Cause: too many connections on too few pods.
Fix: scale out. With 5k connections per pod, a typical 3-pod deployment comfortably handles 15k — but 50k needs 10 pods.
Symptom: slow upload throughput#
Check:
- Client parallelism — are chunks uploading serially?
- Network path — upload from a test client inside the same network; if that's fast, the bottleneck is upstream.
- S3 throughput —
aws s3 cpa test file to the bucket directly and measure. - Dedup hit rate —
scaidrive_chunks_deduplicated_total. A low hit rate means most uploads are going to S3.
Common fix: increase parallelism on the client to 4–8 chunks.
Connectors#
Symptom: SMB connector never completes initial sync#
Check: Job logs: GET /api/v1/smb-connectors/{id}/jobs. Look at the most recent job's error_count and stderr.
Common causes:
- Locked files (Office temp files starting with
~$). Add to exclude_patterns. - Case-sensitive vs case-insensitive filesystems producing false conflicts. Check
conflict_resolution. - SMB timeouts on very large directories. Increase per-directory timeout via connector settings.

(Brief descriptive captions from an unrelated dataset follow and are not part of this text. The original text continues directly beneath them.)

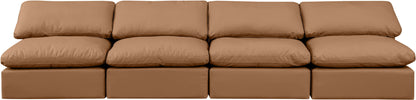 Indulge - Faux Leather 4 Seat Modular Armless Sofa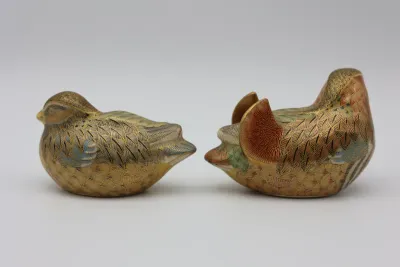 Japanese Kutani Porcelain Mandarin Duck Figurines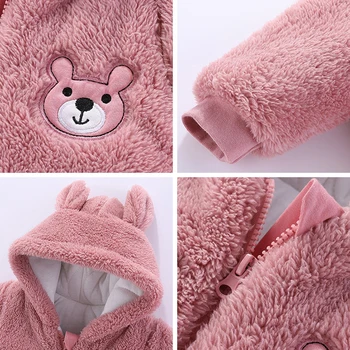Baby Boy Clothes Cute Plush Bear Baby Rompers Autumn Winter Keep Warm Hooded Infant Girls Overall Jumpsuit Newborn Romper 0-18M 5
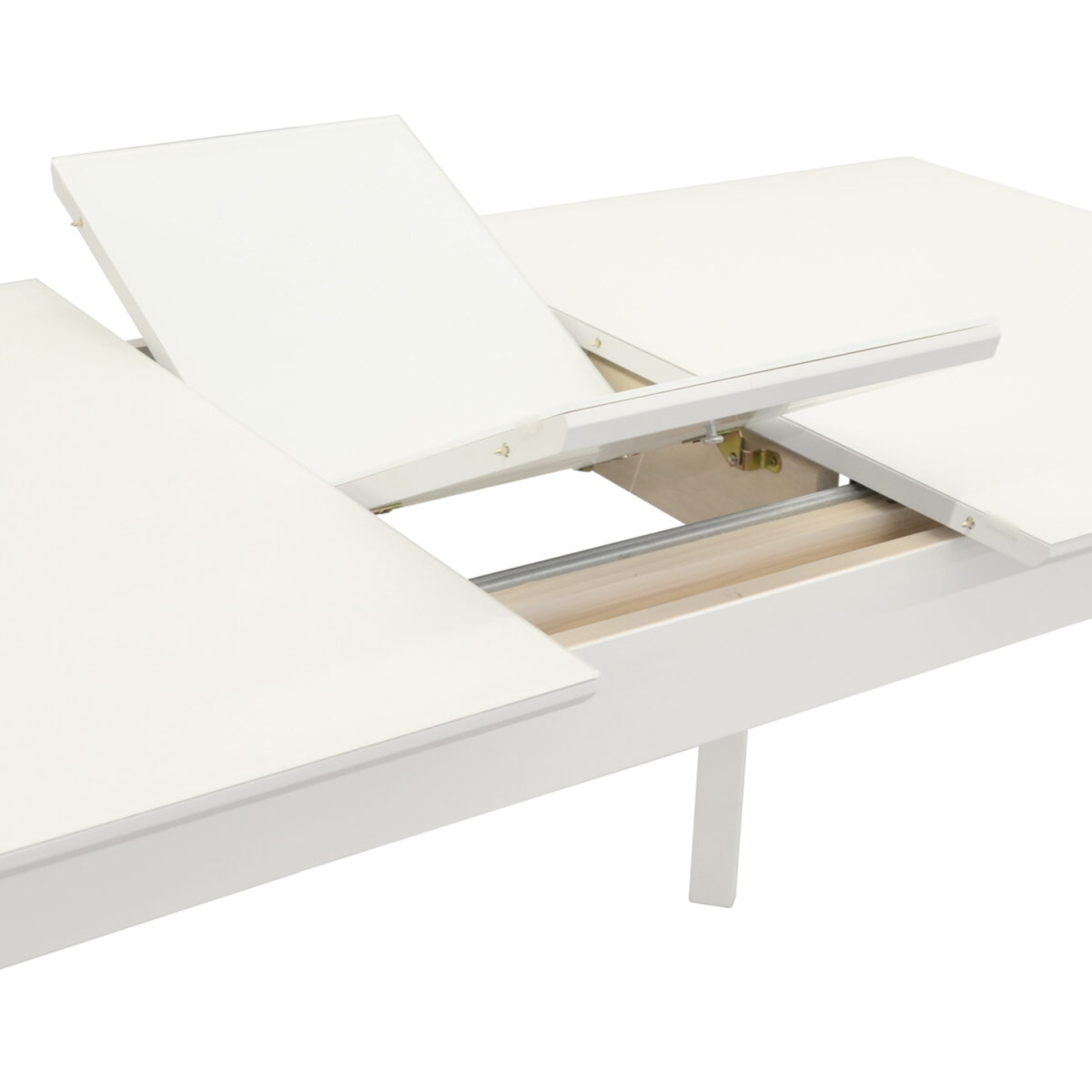 Extensible Table MG-A05 White Glass + White Legs 120/150x75 - Image 3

Symptom: SharePoint connector auth suddenly fails#
Check: Azure app secret expiry. Azure client secrets have a max 2-year lifetime.
Fix: rotate the secret in Azure, update via PATCH /api/v1/sharepoint-connectors/{id} with the new azure_client_secret.
Quotas#
Symptom: user hitting QUOTA_EXCEEDED but dashboard shows they're under#
Check: Which quota is failing — the error response's details names it. Common case: group quota or share quota is tighter than user quota.
Fix: identify the binding quota, adjust or exempt.
Symptom: tenant used_bytes doesn't match reality#
Check: Last usage recalculation: GET /api/v1/quotas/usage/tenant. calculated_at shows when it was last fully recomputed.
Fix: force a recalculation: GET /api/v1/quotas/usage/tenant?recalculate=true. Expensive on large tenants; expect minutes.
Getting help#
When filing a support ticket, include:
- The request ID (
X-Request-Idheader ormeta.request_idin the response body). - The tenant ID and user ID of the caller.
- A timestamp in UTC.
- The exact request (method, path, body) and response.
Support tickets with request IDs get triaged in under five minutes. Tickets without them can take days.